• [EXERCISE INSTRUCTIONS]: In the material below, the required lines run from the one containing "Simple stick figure" through the one containing "Xiaomi NexTool Outdoor". Copy those lines exactly, ends included, and nothing else.

BEGIN RECORDS FOR THE TASK

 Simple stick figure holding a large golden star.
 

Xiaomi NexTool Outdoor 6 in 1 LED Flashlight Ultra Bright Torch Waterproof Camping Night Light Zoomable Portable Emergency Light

END RECORDS FOR THE TASK
BEGIN RECORDS FOR THE TASK

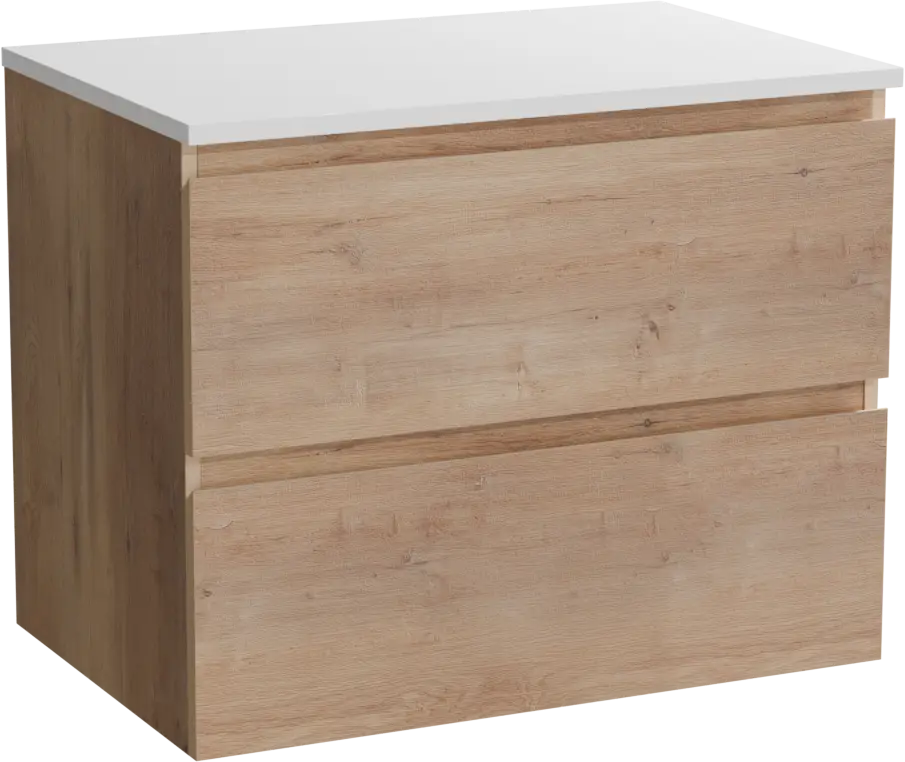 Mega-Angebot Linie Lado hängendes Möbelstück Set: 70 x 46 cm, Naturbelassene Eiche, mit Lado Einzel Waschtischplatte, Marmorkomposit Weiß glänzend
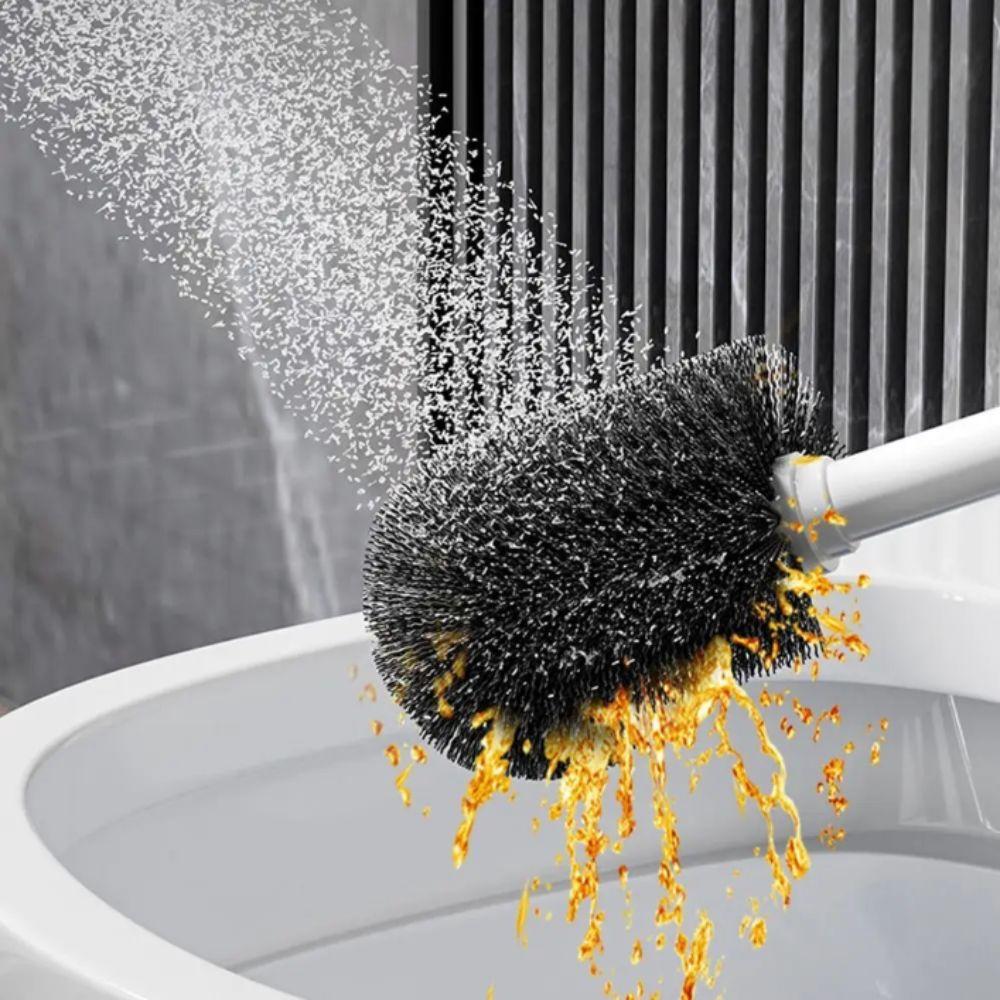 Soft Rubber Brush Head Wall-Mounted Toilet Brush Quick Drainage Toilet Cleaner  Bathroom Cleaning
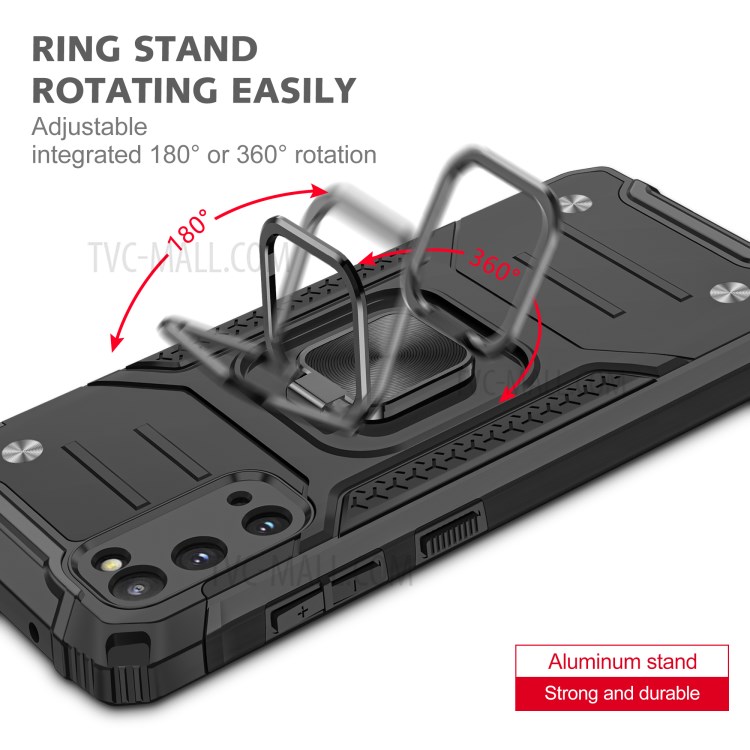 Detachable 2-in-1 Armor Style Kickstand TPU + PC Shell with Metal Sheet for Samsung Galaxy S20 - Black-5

END RECORDS FOR THE TASK

• [ANSWER AREA]:
 Simple stick figure holding a large golden star.
 

Xiaomi NexTool Outdoor 6 in 1 LED Flashlight Ultra Bright Torch Waterproof Camping Night Light Zoomable Portable Emergency Light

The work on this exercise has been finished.